---- Task inputs
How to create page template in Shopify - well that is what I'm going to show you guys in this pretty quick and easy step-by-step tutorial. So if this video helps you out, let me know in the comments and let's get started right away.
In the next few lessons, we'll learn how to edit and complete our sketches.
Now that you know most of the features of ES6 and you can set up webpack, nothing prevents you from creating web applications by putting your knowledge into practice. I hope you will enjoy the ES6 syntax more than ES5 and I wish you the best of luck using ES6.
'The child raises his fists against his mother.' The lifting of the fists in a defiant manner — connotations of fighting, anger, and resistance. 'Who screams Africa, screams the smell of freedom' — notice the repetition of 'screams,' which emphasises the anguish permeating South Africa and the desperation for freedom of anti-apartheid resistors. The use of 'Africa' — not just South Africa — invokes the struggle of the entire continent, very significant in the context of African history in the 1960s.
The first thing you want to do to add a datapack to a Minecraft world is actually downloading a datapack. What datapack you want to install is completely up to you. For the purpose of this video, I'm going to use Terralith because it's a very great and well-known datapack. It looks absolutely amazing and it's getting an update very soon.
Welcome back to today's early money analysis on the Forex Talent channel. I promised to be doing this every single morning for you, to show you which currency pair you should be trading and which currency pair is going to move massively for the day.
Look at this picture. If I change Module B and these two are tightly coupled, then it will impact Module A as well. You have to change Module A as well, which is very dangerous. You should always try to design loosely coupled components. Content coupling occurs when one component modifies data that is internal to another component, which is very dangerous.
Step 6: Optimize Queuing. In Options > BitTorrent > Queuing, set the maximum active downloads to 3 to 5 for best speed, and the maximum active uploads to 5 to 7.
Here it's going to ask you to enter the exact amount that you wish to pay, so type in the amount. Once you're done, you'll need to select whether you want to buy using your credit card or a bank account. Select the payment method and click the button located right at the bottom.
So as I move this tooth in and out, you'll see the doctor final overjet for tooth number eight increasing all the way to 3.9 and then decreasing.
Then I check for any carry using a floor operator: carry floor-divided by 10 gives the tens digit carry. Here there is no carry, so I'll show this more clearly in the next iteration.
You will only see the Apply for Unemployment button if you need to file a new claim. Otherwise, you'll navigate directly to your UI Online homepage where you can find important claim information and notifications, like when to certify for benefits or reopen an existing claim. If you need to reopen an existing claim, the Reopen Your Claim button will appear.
--------
[Problem statement] Wherever the string "which" appears in a line above, copy that line.

[Task result]
'The child raises his fists against his mother.' The lifting of the fists in a defiant manner — connotations of fighting, anger, and resistance. 'Who screams Africa, screams the smell of freedom' — notice the repetition of 'screams,' which emphasises the anguish permeating South Africa and the desperation for freedom of anti-apartheid resistors. The use of 'Africa' — not just South Africa — invokes the struggle of the entire continent, very significant in the context of African history in the 1960s.
Welcome back to today's early money analysis on the Forex Talent channel. I promised to be doing this every single morning for you, to show you which currency pair you should be trading and which currency pair is going to move massively for the day.
Look at this picture. If I change Module B and these two are tightly coupled, then it will impact Module A as well. You have to change Module A as well, which is very dangerous. You should always try to design loosely coupled components. Content coupling occurs when one component modifies data that is internal to another component, which is very dangerous.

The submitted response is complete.